Franzen placed himself in the second category of what he termed the “resistant” or “isolated” reader.

“Some wrong turn was taken at some point between the age of eight and usually age 20, but often in junior high, where if things aren’t working out so well socially for you, for whatever reason, you spend a lot of time with books,” Franzen said. “Not surprisingly that pool of readers tends to give us most of our writers.”

Wood noted that Franzen has had a difficult time writing novels after the success of “The Corrections,” and that he has spent the past few years publishing “a lot of nonfiction a good deal less fiction.”

“A lot of people would like to know,” why this is, Wood said.

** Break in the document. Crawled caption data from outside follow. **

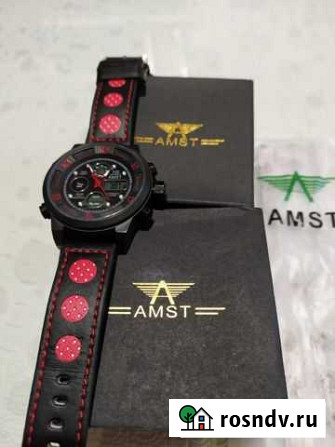 Часы amst-3020 Омск - изображение 1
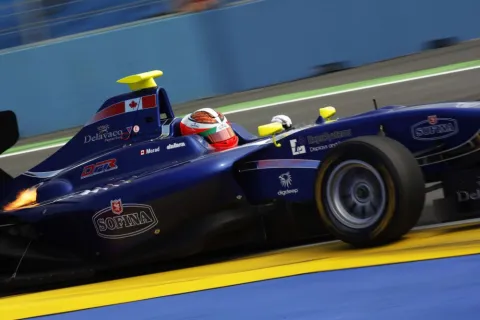#15 Daniel Morad – Carlin Motorsport – Dallara GP3/10 - Renault – GP3 Series 2011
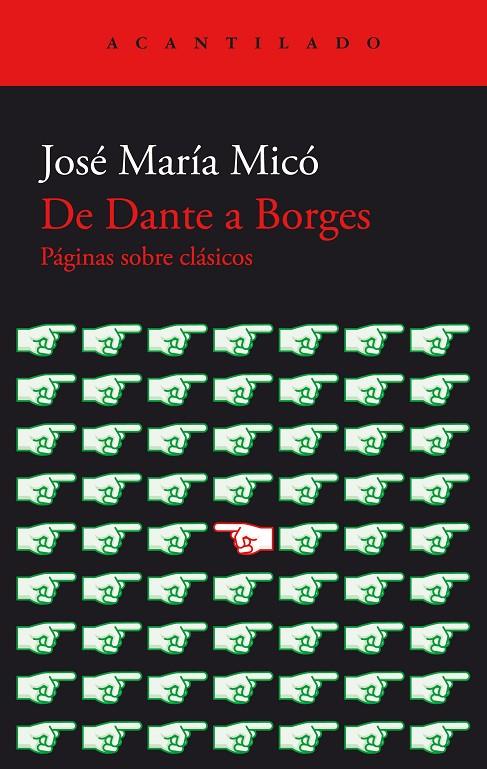 De Dante a Borges | 9788419036735 | José María Micó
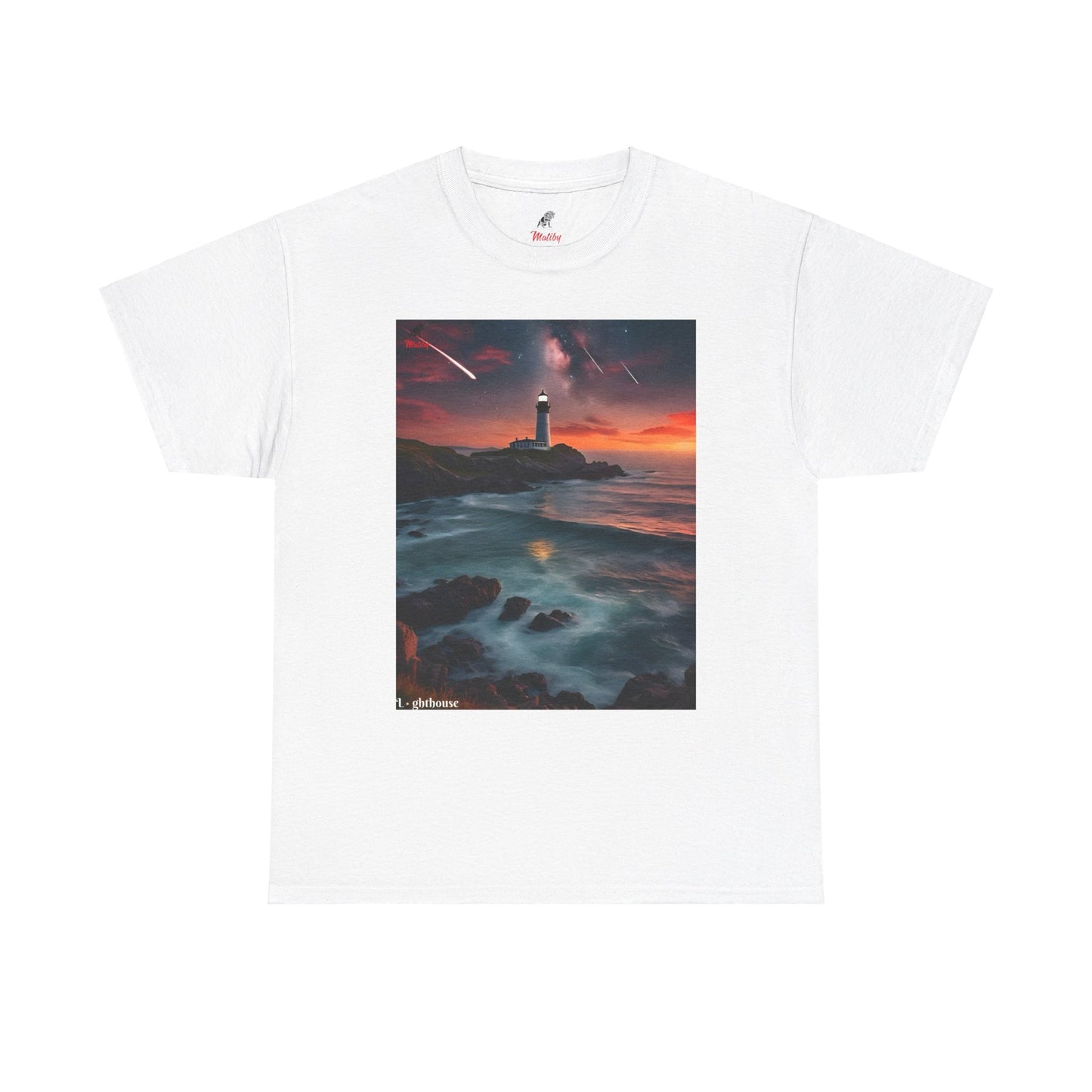 Lighthouse Unisex Heavy Cotton Tee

Franzen responded by noting that many writers have been in a post-Sept. 11 malaise, and that it grew so severe that at one point he considered offering up his own money in order to urge writers to break through their writer’s block.

“I actually had an idea a couple of years ago—when six or seven people I knew were all in a similar place of frustration with the novel—of sponsoring a prize, of offering $10,000 of my own money who first delivered a novel,” Franzen said.

Franzen also noted the potential obsolescence of serious fiction, saying that the purpose of the novel is not to “vividly bring home social conditions.”

“When you have the opportunity to do a documentary—to do Frontline, to do The Wire—and reach a much larger audience much quicker and you actually gain, it’s more vivid, you can go right to the body on the street in Baghdad and can have that up on the screen,” Franzen said. “I’m engaged in a lifelong struggle to produce texts that have that kind of interior depth that is not immediately apparent, that repay some kind of careful analysis without losing people who just want to follow along on the surface.”